I’ve often been criticized for being “too quiet” in meetings – not asserting my opinions over those of others in the room. I used to feel self-conscious about this, but now I’m owning it. I’m not shy or retiring (anyone who knows me can tell you that) – instead, I keep my mouth shut and pay rapt attention to the spoken (and unspoken) things my clients and colleagues are saying. I come to meetings so damn prepared there’s no room for error. I don’t feel the need for everyone to think I’m the smartest person in the room – there’s always something I can learn from others.

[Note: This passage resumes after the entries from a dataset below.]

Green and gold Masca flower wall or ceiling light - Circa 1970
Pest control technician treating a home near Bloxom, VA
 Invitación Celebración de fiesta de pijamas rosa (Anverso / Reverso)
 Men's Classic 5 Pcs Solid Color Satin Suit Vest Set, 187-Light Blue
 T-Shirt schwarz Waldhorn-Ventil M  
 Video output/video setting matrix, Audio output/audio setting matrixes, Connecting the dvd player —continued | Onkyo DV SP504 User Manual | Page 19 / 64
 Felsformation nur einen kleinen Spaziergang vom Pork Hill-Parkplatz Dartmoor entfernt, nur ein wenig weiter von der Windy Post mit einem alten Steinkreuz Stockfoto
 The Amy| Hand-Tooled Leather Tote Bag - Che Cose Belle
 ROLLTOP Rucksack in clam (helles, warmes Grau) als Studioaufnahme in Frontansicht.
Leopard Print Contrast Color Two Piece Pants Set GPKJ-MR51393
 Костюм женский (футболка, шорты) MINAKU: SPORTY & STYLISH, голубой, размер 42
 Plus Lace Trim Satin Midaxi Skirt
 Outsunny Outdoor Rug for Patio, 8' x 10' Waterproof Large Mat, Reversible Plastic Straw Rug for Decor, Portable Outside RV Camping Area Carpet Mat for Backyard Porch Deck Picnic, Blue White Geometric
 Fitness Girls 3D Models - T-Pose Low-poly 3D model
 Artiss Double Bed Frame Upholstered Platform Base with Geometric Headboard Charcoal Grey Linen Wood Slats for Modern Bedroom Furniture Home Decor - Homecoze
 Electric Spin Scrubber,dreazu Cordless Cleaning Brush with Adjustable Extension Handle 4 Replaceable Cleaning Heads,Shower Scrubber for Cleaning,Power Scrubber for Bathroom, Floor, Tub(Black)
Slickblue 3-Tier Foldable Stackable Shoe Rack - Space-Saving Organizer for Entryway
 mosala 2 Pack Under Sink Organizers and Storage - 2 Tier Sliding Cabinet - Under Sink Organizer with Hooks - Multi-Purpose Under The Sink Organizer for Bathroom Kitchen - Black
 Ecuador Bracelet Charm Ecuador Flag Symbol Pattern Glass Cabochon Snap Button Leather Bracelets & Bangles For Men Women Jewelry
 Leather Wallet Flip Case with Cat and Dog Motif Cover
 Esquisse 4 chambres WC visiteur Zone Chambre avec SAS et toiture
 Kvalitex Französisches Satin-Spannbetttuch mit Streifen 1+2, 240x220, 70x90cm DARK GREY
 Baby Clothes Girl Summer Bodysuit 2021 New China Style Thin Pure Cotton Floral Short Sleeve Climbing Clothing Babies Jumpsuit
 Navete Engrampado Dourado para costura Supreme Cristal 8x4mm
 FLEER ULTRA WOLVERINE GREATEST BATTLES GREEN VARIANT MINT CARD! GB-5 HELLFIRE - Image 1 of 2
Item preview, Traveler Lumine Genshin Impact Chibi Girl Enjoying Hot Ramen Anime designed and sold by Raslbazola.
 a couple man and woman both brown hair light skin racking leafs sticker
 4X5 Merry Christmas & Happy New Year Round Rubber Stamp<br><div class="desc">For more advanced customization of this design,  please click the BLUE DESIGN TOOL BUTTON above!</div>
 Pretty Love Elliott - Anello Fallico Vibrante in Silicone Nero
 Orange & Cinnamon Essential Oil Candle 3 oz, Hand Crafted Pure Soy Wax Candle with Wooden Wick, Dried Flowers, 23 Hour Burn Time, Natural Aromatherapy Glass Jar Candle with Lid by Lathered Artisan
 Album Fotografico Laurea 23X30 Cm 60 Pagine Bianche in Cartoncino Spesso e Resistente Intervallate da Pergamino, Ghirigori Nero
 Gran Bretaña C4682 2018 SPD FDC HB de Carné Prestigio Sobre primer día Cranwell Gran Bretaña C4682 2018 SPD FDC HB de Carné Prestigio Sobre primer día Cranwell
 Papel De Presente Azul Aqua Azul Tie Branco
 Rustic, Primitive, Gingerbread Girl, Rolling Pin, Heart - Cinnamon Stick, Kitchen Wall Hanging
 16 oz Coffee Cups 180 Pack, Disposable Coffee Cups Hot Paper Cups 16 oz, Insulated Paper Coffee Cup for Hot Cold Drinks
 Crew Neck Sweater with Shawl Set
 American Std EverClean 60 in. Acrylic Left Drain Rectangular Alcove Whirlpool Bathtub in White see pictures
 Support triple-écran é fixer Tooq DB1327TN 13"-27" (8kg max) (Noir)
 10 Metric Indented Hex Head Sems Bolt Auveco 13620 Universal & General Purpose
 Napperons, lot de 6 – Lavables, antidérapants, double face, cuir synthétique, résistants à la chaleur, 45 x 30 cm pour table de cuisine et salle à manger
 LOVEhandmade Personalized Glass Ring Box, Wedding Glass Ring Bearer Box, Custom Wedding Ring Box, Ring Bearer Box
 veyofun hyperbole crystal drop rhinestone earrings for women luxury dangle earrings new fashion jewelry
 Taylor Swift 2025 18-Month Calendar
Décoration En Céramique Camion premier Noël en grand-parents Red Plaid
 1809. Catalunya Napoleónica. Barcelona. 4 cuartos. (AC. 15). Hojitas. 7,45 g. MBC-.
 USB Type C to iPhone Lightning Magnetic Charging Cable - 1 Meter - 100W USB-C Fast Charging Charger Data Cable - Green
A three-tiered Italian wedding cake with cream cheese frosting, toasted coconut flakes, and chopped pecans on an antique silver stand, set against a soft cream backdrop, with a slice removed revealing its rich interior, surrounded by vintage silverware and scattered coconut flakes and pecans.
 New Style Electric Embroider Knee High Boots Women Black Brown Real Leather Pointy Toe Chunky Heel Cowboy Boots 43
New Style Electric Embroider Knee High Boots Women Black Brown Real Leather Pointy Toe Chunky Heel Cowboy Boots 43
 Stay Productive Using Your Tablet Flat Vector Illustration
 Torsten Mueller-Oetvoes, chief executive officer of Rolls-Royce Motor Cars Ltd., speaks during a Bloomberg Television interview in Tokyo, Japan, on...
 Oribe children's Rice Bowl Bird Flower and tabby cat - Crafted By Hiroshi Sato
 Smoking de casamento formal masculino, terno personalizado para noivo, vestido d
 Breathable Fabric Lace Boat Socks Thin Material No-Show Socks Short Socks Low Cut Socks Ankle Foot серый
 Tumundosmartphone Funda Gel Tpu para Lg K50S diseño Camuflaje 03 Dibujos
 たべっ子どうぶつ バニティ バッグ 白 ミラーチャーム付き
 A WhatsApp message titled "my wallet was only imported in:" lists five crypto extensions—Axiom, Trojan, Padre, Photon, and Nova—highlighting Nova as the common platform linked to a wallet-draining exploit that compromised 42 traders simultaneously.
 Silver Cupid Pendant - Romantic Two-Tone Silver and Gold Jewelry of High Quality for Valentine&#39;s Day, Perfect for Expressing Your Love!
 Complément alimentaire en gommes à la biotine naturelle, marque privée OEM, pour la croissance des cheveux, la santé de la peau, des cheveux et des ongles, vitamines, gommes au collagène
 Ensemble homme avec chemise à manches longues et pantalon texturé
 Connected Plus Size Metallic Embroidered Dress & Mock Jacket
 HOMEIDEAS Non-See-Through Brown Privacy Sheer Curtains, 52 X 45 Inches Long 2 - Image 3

There’s a trend lately toward “power poses,” and “commanding a room” in a meeting. As a services professional, I’m here to learn and deeply empathize with my clients’ pain points so that I can come up with the best-fitting solution that meets their needs. How is that possible if I stride into the gathering with a fully formed opinion I’m trying to implement without input. I trust my intuition and abilities enough to let others do the talking – to go away and think deeply about what I have heard – synthesize the information, and come back with a well-argued POV that directly answers my clients’ concerns and objectives, rather than serving my own.
You can call it “soft skills” or “emotional intelligence,” but I find those terms to be gendered and therefore not as “valuable” to employers who value the ability to swagger into a meeting, stand expansively with your fists on the conference room table, and sell the hell out of their idea – whether it answers the client’s problem or not…
My power pose is perched at the edge of my seat, Moleskine and Sharpie Ultra Fine point in hand with an open, inquisitive mind and quiet confidence in my abilities.
I find many women (and quite a few introverted men) in the same place. In a working world where you must assert your dominance or be passed over, do you put on a mask, or do you bring people around to appreciating your unique skill set and its expression? Project your power in a way that feels authentic to you – and if you get brushed past, talked over, or ignored, you’re in the wrong place. I know, easier said than done…
Or, just blow the whole damn thing off and play with this handy “WHO TALKS MOST” widget to kill an hour. Beats getting stuck taking meeting notes.